O retrato dá importância ao retratado, singulariza-o. Já a lona traz o foco para o indivíduo, antes confundido com a multidão. Destacando os foliões do contexto, Rogério os magnifica e, em  seu palco – a lona – faz deles protagonistas.

As imagens nos mostram a inventividade e a criatividade do folião, que improvisa e cria fantasias com materiais precários, enfatizando o exagero e o excesso. Seu acervo lega à posteridade a riqueza de rostos, máscaras, fantasias e tipos humanos, nos quais reside a voz do atrevimento, a coragem de transgredir, a inversão de valores. As imagens do fotógrafo – feitas em preto e branco – fazem do carnaval, que é colorido por natureza, algo quase irreal.
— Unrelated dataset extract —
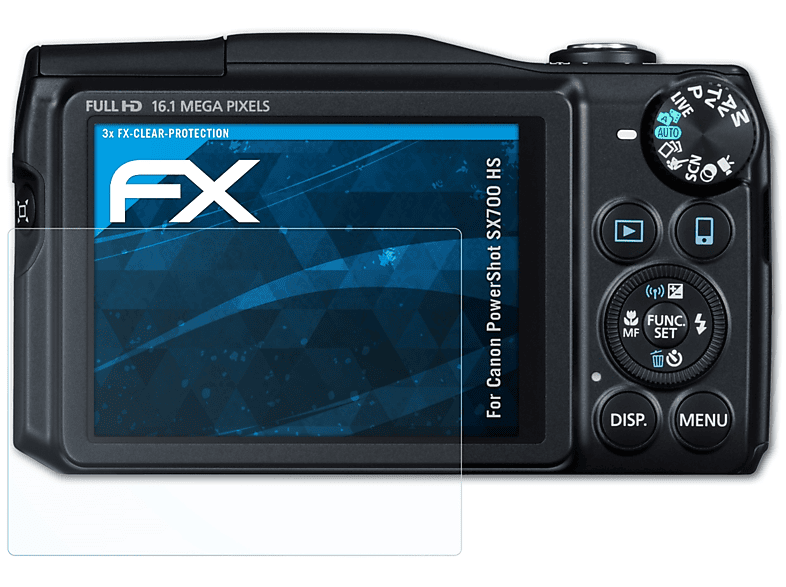 ATFOLIX 3x FX-Clear Displayschutz(für Canon SX700 HS) PowerShot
O  fundo liso – a lona – tornou famosos grandes retratistas franceses e é um recurso que acompanha os fotógrafos desde o início da fotografia, como forma  de valorizar o cliente que encomendava o retrato.  No século 19, diversos fotógrafos que viviam no Brasil utilizaram-no: Marc Ferrez, Alberto Henschel, Augusto Stahl ou Christiano Jr.

O fundo neutro – seja ele de papel, lona, pano; uma parede ou qualquer coisa que destaque o retratado do entorno – é um recurso utilizado até hoje, já que é essencialmente ligado à representação. Lançam mão deste artifício de fotógrafos de moda a fotojornalistas. Irving Penn, que à frente de um fundo infinito pôs de modelos de alta-costura a nômades do Saara, disse, certa vez: “Preferi tarefa mais limitada: ocupar-me somente da pessoa, longe dos incidentes de sua vida cotidiana, vestindo simplesmente suas roupas e ornamentos, isolada em meu estúdio”.

É interessante lembrar que o fundo neutro não é utilizado, quando o interesse é contextualizar o retratado. Para Rogério, o contexto não era necessário: isolados, os foliões parecem, às vezes, com esculturas. Assim, a mensagem que carregam, muito mais social do que estética, também se destaca.

Todo retrato é uma máscara mortuária, uma ilusão de que podemos deter o tempo. Todo retrato nos coloca  diante de nossa finitude. Mas estamos no carnaval e as deliciosas fotografias de Rogério Reis nos fazem viver a alegria que a vida pode nos proporcionar.